ROCKVILLE, Md., March 2, 2018 /PRNewswire/ -- RegeneRx Biopharmaceuticals, Inc. (OTCQB: RGRX) ("the Company" or "RegeneRx"), a clinical-stage drug development company focused on tissue protection, repair and regeneration, today announced that it entered into a Warrant Reprice Agreement whereby it received $1.03 million in warrant exercise proceeds. This is in connection with a previous securities purchase agreement between the Company and Sabby Healthcare Master Fund, Ltd., and Sabby Volatility Warrant Master Fund, Ltd. dated June 27, 2016 whereby the Company also issued warrants to purchase 5,147,059 shares of common stock at an exercise price of $0.51 per share. Under the terms of the Reprice Agreement, in consideration of exercising in full all of the warrants, the exercise price per share of the warrants was reduced to $0.20 per share. In addition, and as further consideration, the Company issued new warrants to purchase up to the number of shares of common stock equal to 75% of the number of Warrant Shares issued pursuant to the Warrant Exercise (the "New Warrants") for a period of up to three and one-half years at an exercise price per share equal to $0.2301 per share, the closing bid price for the Company's Common Stock on February 28, 2018.
The warrant exercise proceeds should fund current operations into 2019.
Maxim Group LLC served as warrant solicitation agent.
About RegeneRx Biopharmaceuticals, Inc. (www.regenerx.com)
RegeneRx is focused on the development of novel therapeutic peptides, including Thymosin beta 4 (Tß4) and its constituent fragments, for tissue and organ protection, repair and regeneration. RegeneRx currently has three drug candidates in clinical development for ophthalmic, cardiac and dermal indications, three active strategic licensing agreements in the U.S., China, and Pan Asia (Korea, Japan, and Australia, among others), and has patents and patent applications covering its products in many countries throughout the world.

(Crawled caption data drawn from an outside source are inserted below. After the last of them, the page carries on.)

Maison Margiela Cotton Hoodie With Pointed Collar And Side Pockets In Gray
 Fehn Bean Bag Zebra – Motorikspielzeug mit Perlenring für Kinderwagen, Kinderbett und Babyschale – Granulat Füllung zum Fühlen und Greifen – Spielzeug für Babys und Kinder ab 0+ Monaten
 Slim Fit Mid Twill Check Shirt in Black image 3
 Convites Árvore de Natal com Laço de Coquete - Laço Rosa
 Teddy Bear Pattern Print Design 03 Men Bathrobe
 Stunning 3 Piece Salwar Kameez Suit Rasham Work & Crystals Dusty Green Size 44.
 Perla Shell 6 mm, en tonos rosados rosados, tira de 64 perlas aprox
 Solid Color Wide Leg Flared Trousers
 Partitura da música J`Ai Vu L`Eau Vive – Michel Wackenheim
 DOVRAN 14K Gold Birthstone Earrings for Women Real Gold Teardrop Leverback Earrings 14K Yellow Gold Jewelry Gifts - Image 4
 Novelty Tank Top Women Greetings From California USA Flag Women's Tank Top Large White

RegeneRx, through its U.S joint venture, ReGenTree LLC, recently completed patient enrollment and treatment in its second Phase 3 clinical trial in approximately 600 patients with dry eye syndrome, reported positive clinical results, and has scheduled a meeting with the U.S. FDA in April 2018. ReGenTree is also conducting a 46-patient Phase 3 clinical trial in patients with neurotrophic keratopathy (NK) targeted for completion in 2018. Additionally, RGN-259 is being developed in patients with dry eye syndrome in Asia through RegeneRx's two Asian partnerships. RGN-259 has been designated an orphan drug in the U.S. for the treatment of NK.
The Company is also considering strategic partnerships in Europe where it retains full ownership of the intellectual property and knowhow related to RGN-259
RGN-352, the Company's Tß4-based injectable formulation, is a Phase 2-ready drug candidate designed to be administered systemically to prevent and repair cardiac damage resulting from heart attacks and central nervous system tissue disorders such as peripheral neuropathy, multiple sclerosis and traumatic brain injuries such as stroke.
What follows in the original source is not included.